March for Babies kickoff event set for Thursday
Keeping mothers informed of how to keep themselves and their babies healthy is what Cathy Nash of Tenstrike dedicates much of her time to these days.
Six years ago, her granddaughter, Kaitlyn Ann Nash, was born nine weeks premature, weighing 2 pounds, 9 ounces. After spending more than a month in a newborn intensive care unit, Kaitlyn arrived home Dec. 1, but died 23 days later of Sudden Infant Death Syndrome.
This year, Cathy and a team of family members will walk as ambassadors in honor of Kaitlyn at the March for Babies event April 14 at Bemidji State University's Recreation Center.
The event supports the March of Dimes, a nonprofit organization dedicated to improving the health of babies by preventing birth defects, premature birth and infant mortality.
A kick-off luncheon for the spring event will be held from noon to 1 p.m. Thursday at the Holiday Inn Express, 2422 Ridgeway Ave. NW. Businesses and individuals interested in forming a team for the event are encouraged to attend.
Those planning to attend the luncheon should RSVP to Tracey Bailey at RP Broadcasting at firstname.lastname@example.org.
Returning teams are also invited to attend an open house from 4-6 p.m. at the Holiday Inn Express.
For details about the kick-off event or March for Babies event, contact the March of Dimes' Northland Minnesota Division at 218-727-1318 or visit www.marchforbabies.org.
Cathy said she is excited her family team will be serving as ambassadors at this year's March for Babies event.
"We take a lot of pride and joy in getting the word out for the March of Dimes," she said.
She described her first March for Babies walk as eye-opening.

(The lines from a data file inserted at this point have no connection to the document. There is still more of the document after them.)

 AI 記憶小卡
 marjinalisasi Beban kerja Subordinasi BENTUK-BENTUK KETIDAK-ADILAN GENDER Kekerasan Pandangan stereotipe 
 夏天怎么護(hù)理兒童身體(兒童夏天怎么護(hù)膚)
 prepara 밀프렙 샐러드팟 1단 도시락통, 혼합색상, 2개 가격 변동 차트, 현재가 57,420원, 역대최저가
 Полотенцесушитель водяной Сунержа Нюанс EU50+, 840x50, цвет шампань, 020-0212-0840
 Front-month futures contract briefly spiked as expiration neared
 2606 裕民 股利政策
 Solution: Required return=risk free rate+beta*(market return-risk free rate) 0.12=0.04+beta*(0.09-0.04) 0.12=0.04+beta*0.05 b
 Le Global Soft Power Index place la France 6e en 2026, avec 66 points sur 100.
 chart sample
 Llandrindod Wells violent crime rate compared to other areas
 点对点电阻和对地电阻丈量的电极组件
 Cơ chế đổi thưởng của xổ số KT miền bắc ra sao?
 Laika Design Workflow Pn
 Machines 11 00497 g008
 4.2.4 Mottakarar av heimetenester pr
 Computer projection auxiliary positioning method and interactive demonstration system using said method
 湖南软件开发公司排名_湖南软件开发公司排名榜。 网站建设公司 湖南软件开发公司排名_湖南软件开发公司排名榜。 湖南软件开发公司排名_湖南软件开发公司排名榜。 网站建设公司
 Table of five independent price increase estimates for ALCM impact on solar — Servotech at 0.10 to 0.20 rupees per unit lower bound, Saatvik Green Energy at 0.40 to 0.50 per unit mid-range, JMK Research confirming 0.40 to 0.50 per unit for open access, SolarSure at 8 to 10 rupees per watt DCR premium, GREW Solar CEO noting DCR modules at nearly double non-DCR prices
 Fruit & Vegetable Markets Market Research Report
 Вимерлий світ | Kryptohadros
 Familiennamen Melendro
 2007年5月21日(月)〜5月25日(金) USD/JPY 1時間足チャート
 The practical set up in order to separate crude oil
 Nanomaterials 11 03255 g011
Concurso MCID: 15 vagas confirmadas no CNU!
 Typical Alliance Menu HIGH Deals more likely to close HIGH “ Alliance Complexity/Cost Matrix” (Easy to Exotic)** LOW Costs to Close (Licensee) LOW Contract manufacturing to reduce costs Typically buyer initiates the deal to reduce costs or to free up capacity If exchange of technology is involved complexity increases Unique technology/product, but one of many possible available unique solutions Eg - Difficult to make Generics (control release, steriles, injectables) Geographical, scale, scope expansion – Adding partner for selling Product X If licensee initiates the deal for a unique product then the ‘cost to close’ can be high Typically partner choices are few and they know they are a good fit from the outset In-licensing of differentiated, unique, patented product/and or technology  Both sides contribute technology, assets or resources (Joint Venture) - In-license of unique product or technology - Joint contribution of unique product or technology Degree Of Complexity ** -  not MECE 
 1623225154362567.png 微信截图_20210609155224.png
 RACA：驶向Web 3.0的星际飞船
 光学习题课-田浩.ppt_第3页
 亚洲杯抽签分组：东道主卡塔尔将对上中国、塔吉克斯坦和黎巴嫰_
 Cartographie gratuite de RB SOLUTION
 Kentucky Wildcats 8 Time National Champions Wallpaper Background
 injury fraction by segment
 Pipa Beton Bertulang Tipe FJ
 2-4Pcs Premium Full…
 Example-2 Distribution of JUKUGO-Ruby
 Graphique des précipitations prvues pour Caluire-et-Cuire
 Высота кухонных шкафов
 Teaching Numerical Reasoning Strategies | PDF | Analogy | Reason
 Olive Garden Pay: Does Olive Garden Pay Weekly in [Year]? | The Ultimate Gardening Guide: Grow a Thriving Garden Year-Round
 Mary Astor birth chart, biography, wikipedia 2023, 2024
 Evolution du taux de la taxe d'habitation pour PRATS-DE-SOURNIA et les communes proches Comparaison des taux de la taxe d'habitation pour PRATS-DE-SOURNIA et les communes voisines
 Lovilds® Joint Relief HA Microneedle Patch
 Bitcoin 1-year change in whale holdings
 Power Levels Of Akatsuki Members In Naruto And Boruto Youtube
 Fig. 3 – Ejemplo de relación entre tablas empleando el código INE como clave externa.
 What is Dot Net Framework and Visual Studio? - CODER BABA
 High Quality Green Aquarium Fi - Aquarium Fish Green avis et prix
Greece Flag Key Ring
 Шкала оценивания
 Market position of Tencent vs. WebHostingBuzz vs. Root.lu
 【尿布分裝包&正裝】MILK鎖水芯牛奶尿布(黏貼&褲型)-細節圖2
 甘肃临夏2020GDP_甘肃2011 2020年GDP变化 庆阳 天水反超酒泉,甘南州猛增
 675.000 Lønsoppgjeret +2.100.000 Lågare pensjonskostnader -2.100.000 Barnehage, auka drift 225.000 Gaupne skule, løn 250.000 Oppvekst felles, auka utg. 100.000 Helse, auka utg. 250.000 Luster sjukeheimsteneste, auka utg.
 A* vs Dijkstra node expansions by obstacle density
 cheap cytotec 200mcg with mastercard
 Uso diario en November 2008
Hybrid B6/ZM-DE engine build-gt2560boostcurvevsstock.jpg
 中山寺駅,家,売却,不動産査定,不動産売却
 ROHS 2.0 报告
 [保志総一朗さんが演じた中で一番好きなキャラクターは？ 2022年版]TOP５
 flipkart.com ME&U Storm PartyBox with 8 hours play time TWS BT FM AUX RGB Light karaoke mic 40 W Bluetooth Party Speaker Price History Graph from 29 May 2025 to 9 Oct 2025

"My sister and I went to see what it was about," she said. "We laughed and cried. It was very heartwarming to participate and see people get involved, and also to see how big some of the teams are."
Since her granddaughter's death, Cathy has spent hundreds of hours volunteering to increase awareness of prenatal care to the region and has no intentions of slowing down anytime soon.
"It's important for people to understand the risks of premature birth and to promote healthy pregnancies," she said.